お出かけ前に二人で話し合った結果、私の体調面を考慮して今回は大型ショッピングモールでお買い物する事に決定した。私はハッキリ言ってノープランだったわけだし、色々と10年分の自分に必要な生活必需品とか買わなきゃと思っていたところだから全然良いんだけど……
「それで良いの。勿論ね、遊園地みたいな楽しい場所にいずれは小絃お姉ちゃんと一緒に行きたいとは思ってるよ。でもそれは今じゃない。お姉ちゃんに無理させて、結果また入院させちゃう事になったら……私は耐えられない」
「でも……」
琴ちゃんは私と違ってぶっちゃけショッピングモールなんて行き慣れているだろう。折角のお休みだと言うのに、わざわざ私に合わせなくても良かったのに。
なんてちょっぴり申し訳ない気持ちでいる私に。琴ちゃんは軽快に運転しながらこう告げる。
「私、お姉ちゃんが目覚めるのを10年待ったんだよ。そう思えば1年2年くらい気長に待てるよ。今焦って中途半端にお姉ちゃんとそういうところに行くよりも。お姉ちゃんがしっかり完治して。自由に動けるようになってから全力で楽しむ方が楽しいでしょう?」
「それは……まあ、うん」
「それに。ショッピングモールでお買い物も、私にとっては遊園地でお姉ちゃんと遊ぶ事と同じくらい楽しいんだもん。
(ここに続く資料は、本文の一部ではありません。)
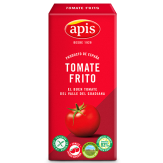 TOMATE FRITO APIS BRICK 350 GR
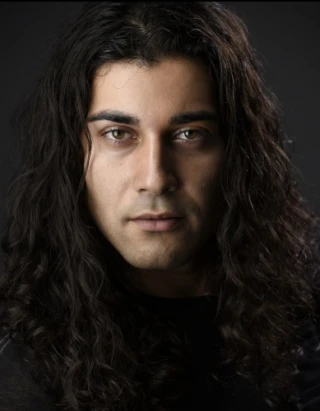 Neal Tyagi
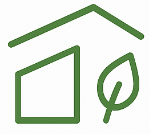 Net Zero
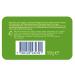 Wasa Sandwich Sour Cream & Onion - Vegan Crispbread 8-Pack | 8x99g Delicious Snack - Buy Online on GoSupps.com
だからこれでいいんだよ」
横目で見る琴ちゃんの表情から、嘘偽りは言っていない事が見て取れる。私に対して気遣っているわけでなく、本気でそう思っているらしい。
「一緒にお買い物デート、楽しもうねお姉ちゃんっ!」
「琴ちゃん……」
屈託なく笑う琴ちゃんに昔の面影を感じる。……そうだった。琴ちゃんはあの頃から、私と一緒ならどこだってこんな風に楽しそうにしてくれてたね。
「任せて琴ちゃん。今日のお出かけが一生の思い出になるくらい楽しませてあげるから!」
そうだ、場所は関係無いんだ。どこにお出かけだろうと……私はただ、琴ちゃんと楽しめば良い。全力で琴ちゃんを楽しませてあげれば良いだけの話じゃないか。これまでも、これからもずっと変わらない。
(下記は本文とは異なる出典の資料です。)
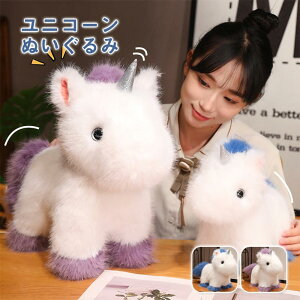 ʂ jR[ 킢 G ӂӂ   Aj} NbV  LbY xr[ ʂ    CeA  _炩 qǂ ̎q 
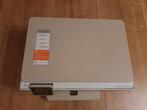 Dell printer 7220e all in one, Computers en Software, Printers, Ophalen of Verzenden, Zo goed als nieuw, Printer
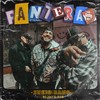 Panteras - Askoman&Sucio Bang&Realista Tinta Negra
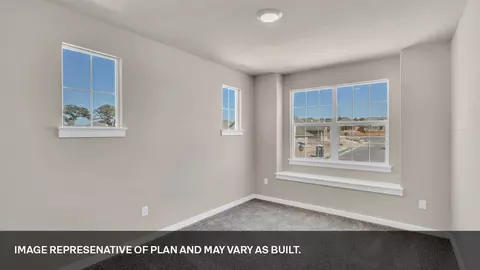 612 Prairie Wind Dr, Leander, TX 78641 photo 29
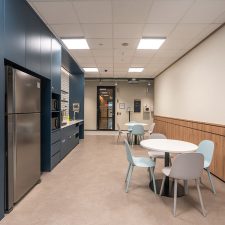 Amazon Ph1b - Amz-30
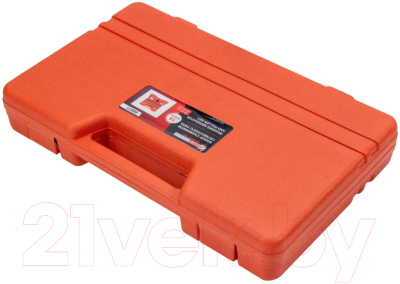 Изображение товара Набор съемников ForceKraft FK-66611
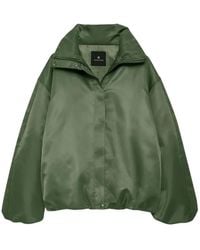 Anine Bing - Cyrus Jacket - Lyst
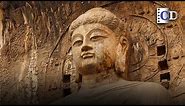 Longmen Grottoes「UNESCO World Heritage Sites in China」 | China Documentary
私は琴ちゃんのお姉ちゃんとしての役目を全うするだけだ。
◇ ◇ ◇
「さーてと、それじゃあ琴ちゃん。まずはどこに行こうか?」
だいたい30分ほどかけて。琴ちゃんの安全運転で無事にショッピングモールまで辿り着いた。モール入り口の店内案内板を眺めながら私は琴ちゃんに問いかける。
「そうだね……生鮮食品とかのお買い物を最初にしちゃうと傷んじゃったりするから最後にするとして……後は時間的にご飯食べたりするのも早いよね。そっち関連は後回しにして……あとは順番に見て回るのはどうかな?ちょうど生鮮食品売り場もフードコートも一階にあるみたいだから最初二階から見て行って、一通り見終わってからご飯食べて生鮮食品とかも買うって感じで」
「おお……流石琴ちゃん。その方が効率も良いよね。そんじゃその流れで行こう」
買い物上手な琴ちゃんのアドバイスに従って、最初は二階から見て回る事に。エレベーターに乗り二階へ向かい見回してみる。服飾店や靴や、書店やCDショップ。ゲームコーナーに小物店などなど。大型ショッピングモールなだけあって、数多くの店舗が立ち並んでいた。
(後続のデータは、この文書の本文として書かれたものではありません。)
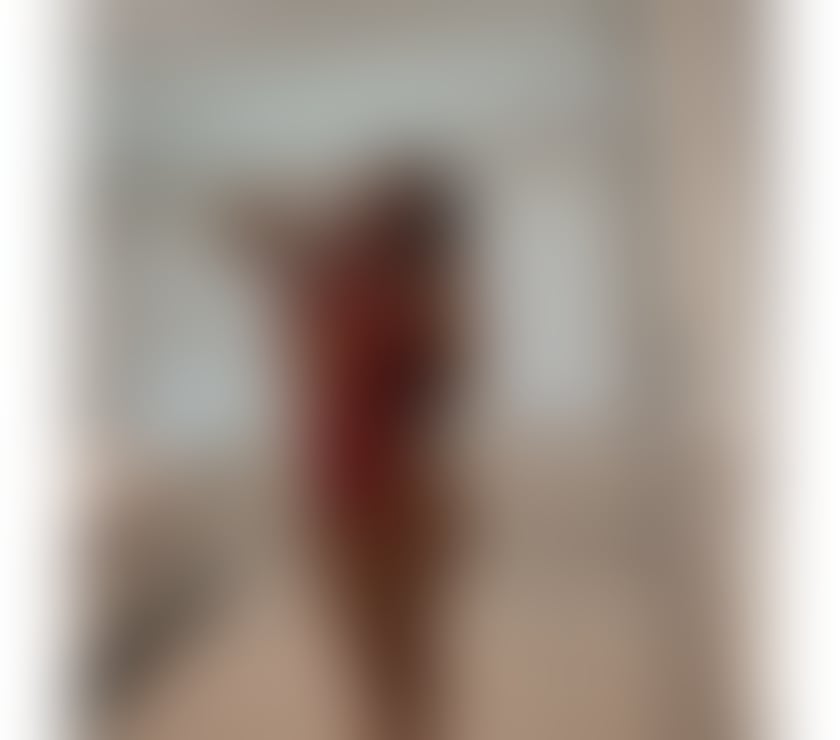 Escort Beeston Leeds - Photos for 🔥TinaLOVE PARTY Blue eyes BIG ASS 🍑 beauty face😍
「これだけいっぱいお店があるとどこに行こうか悩んじゃうよねー。いろいろ目移りしちゃいそう」
「ふふふ……時間はいっぱいあるんだし、ゆっくり見て回ろうねお姉ちゃん」
そんなことを言いながら。二人でとりあえず一番近くのお店に入り込んでみる。途端にふわりと色んな良い香りが漂ってきて……
どうやらここは香水売り場だったらしい。むぅ……琴ちゃんはともかく私にとっては初っ端から場違いな場所に入っちゃったかも……生まれて初めて来たわこういうお店。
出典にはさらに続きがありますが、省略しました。